## YOUR OBJECTIVE
Beginning at the line with "Полкан – великолепный" in the records below, return each line up to and including the last, exactly as it stands, but not the pictures.

## PROVIDED MATERIAL
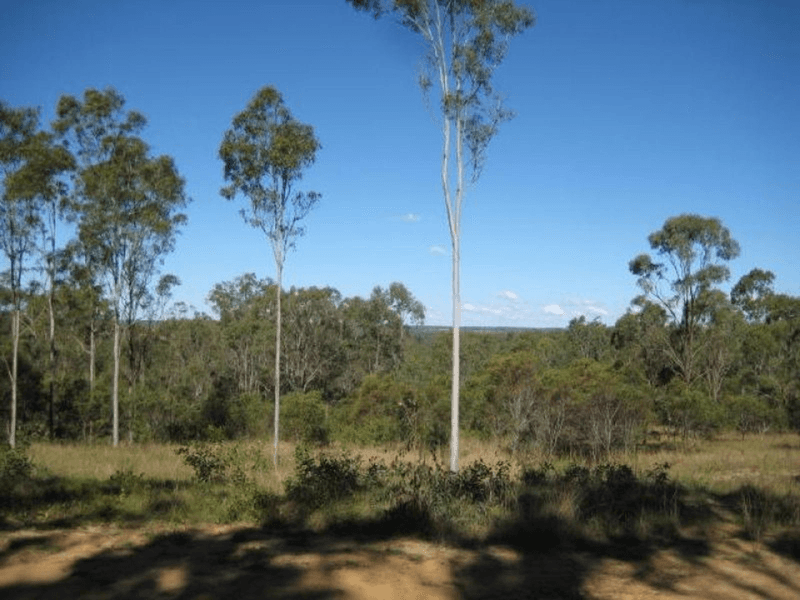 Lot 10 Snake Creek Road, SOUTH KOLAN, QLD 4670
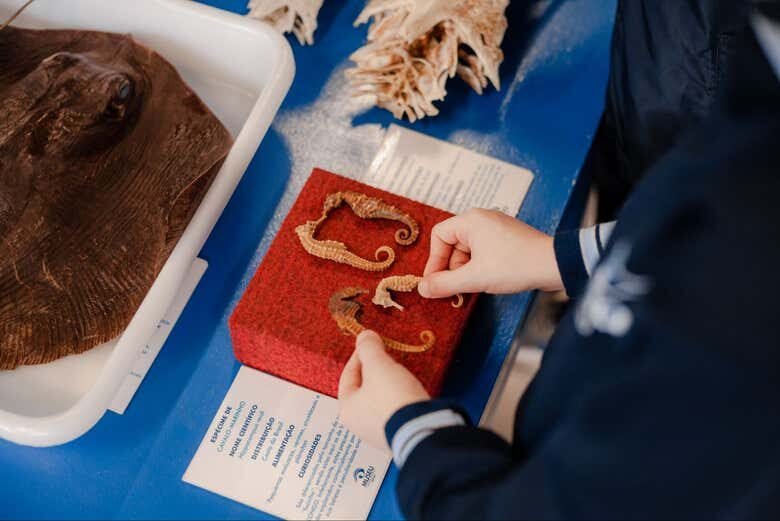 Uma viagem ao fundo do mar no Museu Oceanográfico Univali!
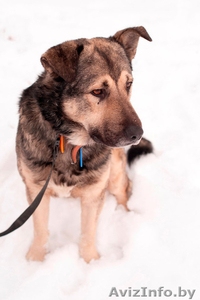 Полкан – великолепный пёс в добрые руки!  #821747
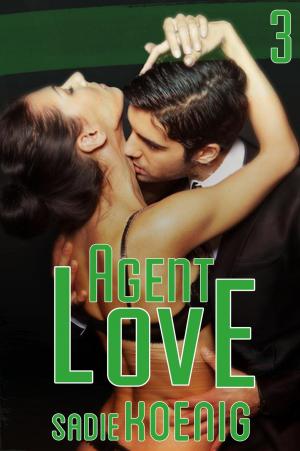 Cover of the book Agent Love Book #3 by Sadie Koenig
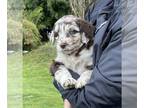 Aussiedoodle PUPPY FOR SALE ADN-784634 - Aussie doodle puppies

## RESPONSE
 Полкан – великолепный пёс в добрые руки!  #821747
 Cover of the book Agent Love Book #3 by Sadie Koenig
 Aussiedoodle PUPPY FOR SALE ADN-784634 - Aussie doodle puppies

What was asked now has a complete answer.